- Theatrical release poster
- Directed by: Brian Henson
- Screenplay by: Todd Berger
- Story by: Todd Berger; Dee Austin Robertson;
- Produced by: Brian Henson; Jeffrey Hayes; Melissa McCarthy; Ben Falcone;
- Starring: Melissa McCarthy; Bill Barretta; Joel McHale; Maya Rudolph; Leslie David Baker; Elizabeth Banks;
- Cinematography: Mitchell Amundsen
- Edited by: Brian Olds
- Music by: Christopher Lennertz
- Production companies: STX Films; H. Brothers; Black Bear Pictures; TMP; Henson Alternative; On the Day Productions;
- Distributed by: STX Entertainment
- Release date: August 24, 2018;
- Running time: 91 minutes
- Country: United States
- Language: English
- Budget: $40–47 million
- Box office: $27.5 million

= The Happytime Murders =

2018 film by Brian Henson

The Happytime Murders is a 2018 American adult puppet buddy cop crime comedy film directed by Brian Henson and written by Todd Berger from a story by Berger and Dee Austin Robertson. The film stars Melissa McCarthy, Bill Barretta, Joel McHale, Maya Rudolph, Leslie David Baker, and Elizabeth Banks. Set in a world where humans and living puppets co-exist, the film follows a puppet private investigator and a human police detective who must solve a murder spree of retired sitcom stars.

The film was first announced in 2008 by The Jim Henson Company, the production studio of Muppets creator Jim Henson. Various actors, including Cameron Diaz, Katherine Heigl and Jamie Foxx, were approached to star before McCarthy signed on in May 2017. Filming began in Los Angeles that September, and involved the use of over 120 puppets. The Happytime Murders was the first and only film released by Henson Alternative, a banner of The Jim Henson Company aimed toward adult audiences.

The Happytime Murders was released on August 24, 2018, by STX Entertainment. It received negative reviews from critics and it was a box-office failure, grossing $27.5 million worldwide against a $40–47 million budget. The film received six nominations at the 39th Golden Raspberry Awards, including Worst Picture, with McCarthy winning Worst Actress. This serves as Henson Alternative's only theatrical film.

==Plot==

In a world where living puppets coexist with humans but are treated as second-class citizens, Phil Phillips was the first puppet cop on the LAPD before being fired.
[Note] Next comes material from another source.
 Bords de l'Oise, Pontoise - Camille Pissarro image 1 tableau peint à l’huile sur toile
Now a private investigator with a human secretary named Bubbles, he is hired by puppet client Sandra White to discover the identity of her blackmailer. Phil investigates a lead at a puppet-owned porn shop. While he checks their records in a back room, an attacker kills everyone else present including Mr. Bumblypants, a former cast member of the beloved sitcom The Happytime Gang.
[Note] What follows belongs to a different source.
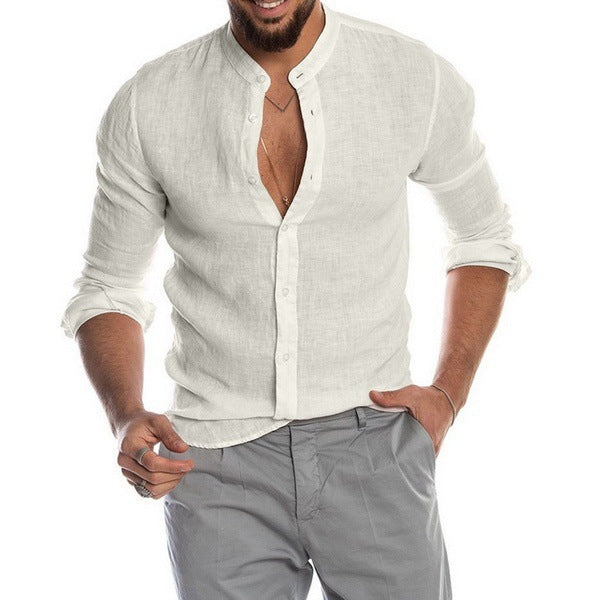 Chemise en lin pour hommes avec un col Henley moderne et une structure Chic und Stil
The LAPD arrives and Phil meets with his former partner Detective Connie Edwards. Twelve years prior, Edwards was being held at gunpoint by a puppet perpetrator. Phil tried to shoot him, but missed and hit an innocent puppet, killing him in front of his young daughter. Edwards testified against Phil and a law was enacted preventing puppets from becoming police officers. In the present, Edwards believes it was a robbery gone wrong but Phil believes it was murder since no money was taken. That night, Phil's brother Larry, another former Happytime cast member, is torn apart when someone lets dogs onto his property. Afterwards, Phil reluctantly joins forces with Edwards to find the killer.

Suspecting someone is killing the Happytime Gang cast to receive a larger share of the royalty money when the show becomes syndicated, the two track down former Happytime cast-member Lyle in a puppet drug-den, where it is revealed that Phil saved Edwards by getting her an emergency puppet liver transplant. Lyle is killed in a drive-by shooting in front of Phil. After having sexual intercourse with Sandra and escaping the FBI, Phil goes to see Jenny, the only human Happytime cast-member and his former girlfriend, at a puppet strip club where she works. Phil is unable to protect her when her car explodes. The police see Phil leaving the scene and believe him to be responsible for the murders.

Phil hides at Edwards's apartment and they discover that former Happytime cast-member Goofer has apparently overdosed and drowned. They go to the house of the two remaining Happytime cast-members Ezra and Cara only to find their mangled bodies. The FBI arrives and detains Phil and Edwards. Phil is shown Sandra in an interrogation room. She reveals that she and Jenny are married and claims that Phil killed Jenny and the others to keep Sandra for himself.

Edwards is suspended from duty and enlists Bubbles for help exonerating Phil. They break into Sandra's home and discover a hidden room containing plans for the deaths of the Happytime Gang stars and a frameup of Phil. Edwards notices a picture of the puppet Phil accidentally shot years ago, and realizes that Sandra is the daughter of the man he accidentally shot and is seeking revenge against Phil. Bubbles triggers a booby trap, which ignites a fire destroying all the evidence. Afterwards, Edwards breaks Phil out of jail so they can stop Sandra.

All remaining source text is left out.